> _PROBLEM DESCRIPTION_: Although the listing contains pictures, reproduce only its text, exactly as written.

> _RECORDS PROVIDED_:
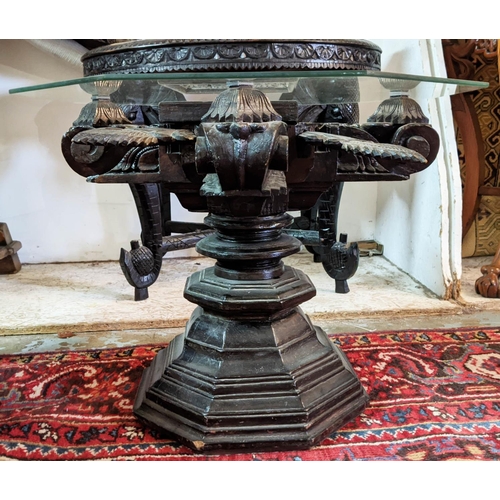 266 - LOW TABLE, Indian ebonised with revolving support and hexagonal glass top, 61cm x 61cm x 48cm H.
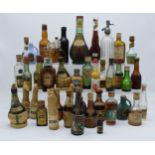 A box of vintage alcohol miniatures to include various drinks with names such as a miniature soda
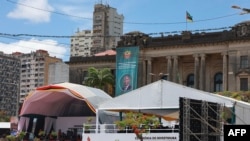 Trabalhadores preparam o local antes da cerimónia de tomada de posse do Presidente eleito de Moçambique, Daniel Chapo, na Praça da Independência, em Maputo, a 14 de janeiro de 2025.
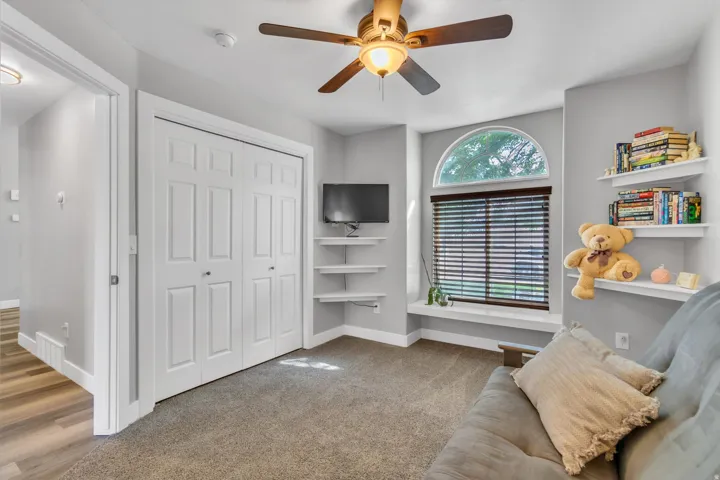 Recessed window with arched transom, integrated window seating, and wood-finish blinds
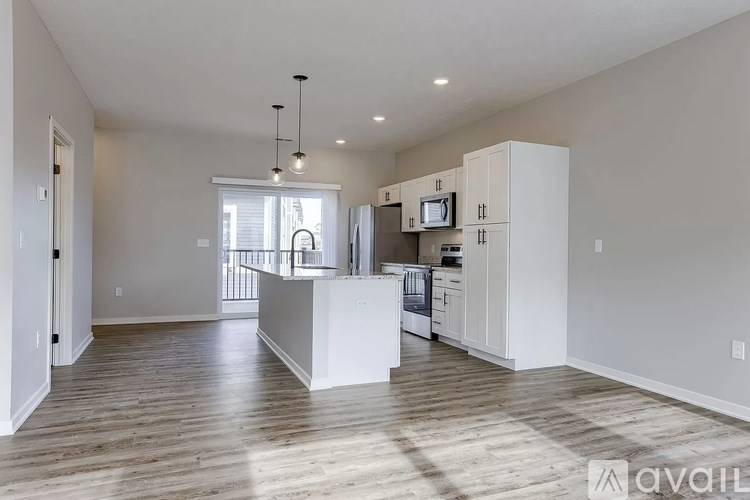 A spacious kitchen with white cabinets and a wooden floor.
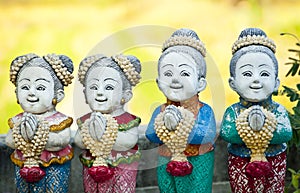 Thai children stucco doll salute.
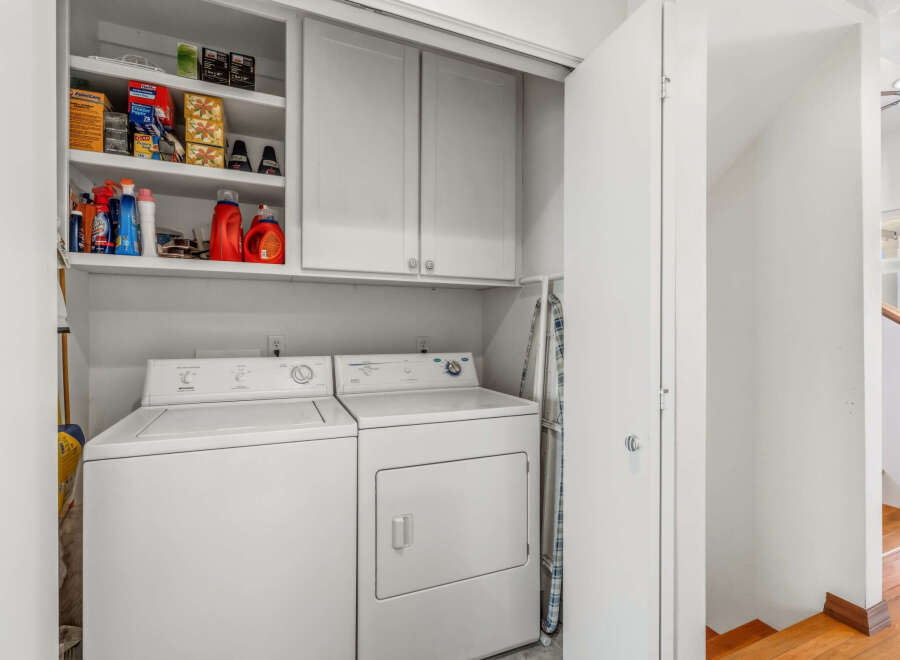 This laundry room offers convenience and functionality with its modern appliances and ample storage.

> _OUTPUT FOR THIS TASK_:
 266 - LOW TABLE, Indian ebonised with revolving support and hexagonal glass top, 61cm x 61cm x 48cm H.
 A box of vintage alcohol miniatures to include various drinks with names such as a miniature soda
 Trabalhadores preparam o local antes da cerimónia de tomada de posse do Presidente eleito de Moçambique, Daniel Chapo, na Praça da Independência, em Maputo, a 14 de janeiro de 2025.
 Recessed window with arched transom, integrated window seating, and wood-finish blinds
 A spacious kitchen with white cabinets and a wooden floor.
 Thai children stucco doll salute.
 This laundry room offers convenience and functionality with its modern appliances and ample storage.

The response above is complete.